The main issue I’m facing is that the model retrodicts \gamma incredibly well, but totally whiffs it for \nu. Here’s a plot of the posteriors for each population (all populations are fit independently in a single MCMC run).


And as I move the true values of \nu that go into the simulated data, the posteriors move so that they are just too far right of the “true” values.

What’s strange is that it also does really well for s, which is the “data” that goes into fitting \nu and \gamma:


I suppose on some level this makes sense, because \gamma would not be fit well if s were not fitting well.

The traceplots look good:


And the density overlays are all similar:

Autocorrelation seems weirdly high in \mu and \sigma (which is concerning), but for \nu which actually faces tangible fitting problems, and for \gamma, autocorrelation drops off quickly:

A pairwise correlation plot for each variable shows that each parameter is explored independently of all others.
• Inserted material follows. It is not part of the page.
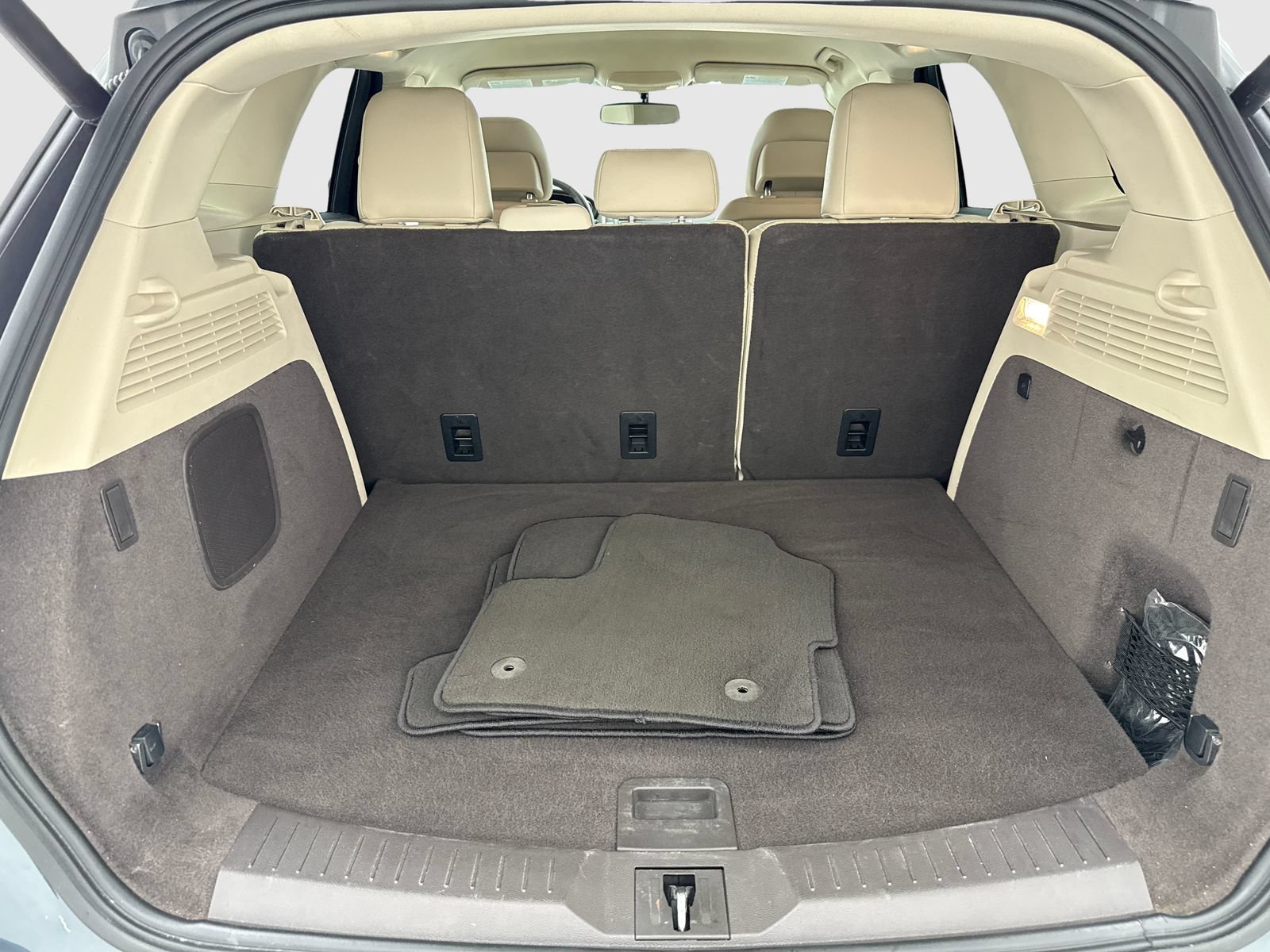 Used 2019 Lincoln MKC Premiere FWD image 47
I wondered if this was happening because s of \gamma were too low at the beginning of the chains, and thus this was causing \textbf P(\nu|\gamma, s)\propto\exp(-\gamma s/\nu) values too be too high for larger values of \nu. So I ran my chains for 6k iterations with 3k warmup, and it didn’t change anything.

In case it makes a difference, I’m running my analyses with adapt_delta=0.975 and max_treedepth=12. Thank you in advance for any of your ideas! And I’m happy to include any more information you’d like as well.

data {
  int nCall; // number of calls
  int nFrog; // number of frogs
  int nPopulation; // number of populations
  array[nCall] int frog; // group indicator for frogs
  array[nFrog] int population; // group indicator for populations
  vector[nCall] x; // peak frequency of each call
}

parameters {
  vector[nPopulation] mu; // Population average of peak
  vector<lower=0>[nPopulation] sigma; // Population std of peak
  vector<lower=0>[nPopulation] nu;  // Population average of width
  vector<lower=0>[nPopulation] gamma; // Population std of width

  vector[nFrog] xbar_raw; // Frog peaks
  vector<lower=0>[nFrog] s; // Frog widths
}

transformed parameters {
  vector[nFrog] xbar;
  for (j in 1:nFrog)
    xbar[j] = mu[population[j]] + sigma[population[j]] * xbar_raw[j]; // Non-centered parameterization of xbar
}

model {
  // Population-level parameters
  mu ~ normal(4500, 300);
  sigma ~ gamma(4, 0.01);  // mean = 400, std dev = 200
  nu ~ gamma(1.56, 0.006); // mean = 275, std dev = 225
  gamma ~ gamma(1.6, 0.5); // gives lambda = nu/sqrt(gamma)
                           // mean 200 and std dev 100

  // Individual-level parameters
  xbar_raw ~ normal(0, 1);
  for (j in 1:nFrog)
    s[j] ~ gamma(gamma[population[j]], gamma[population[j]]/nu[population[j]]);

  // Call-level likelihood
  x ~ normal(xbar[frog], s[frog]);
}

generated quantities {
  vector[nPopulation] lambda;
  for (k in 1:nPopulation)
    lambda[k] = nu[k]/sqrt(gamma[k]); // The standard deviation of s ~ gamma(gamma, gamma/nu)
}

Can you see if one of the alternative gamma distribution parameterizations solves this? The alternatives are at Add orthogonal parameterization of gamma distribution · Issue #3040 · stan-dev/math · GitHub. It would be good to know if these fix this issue because we can add it to the list.

1 Like

Hi spinkney,

Thank you for the excellent resources! I understand much better why I am having problems (and in particular why \gamma's doing well means that \nu suffers). I really appreciate how supportive this community is, especially to new members such as myself.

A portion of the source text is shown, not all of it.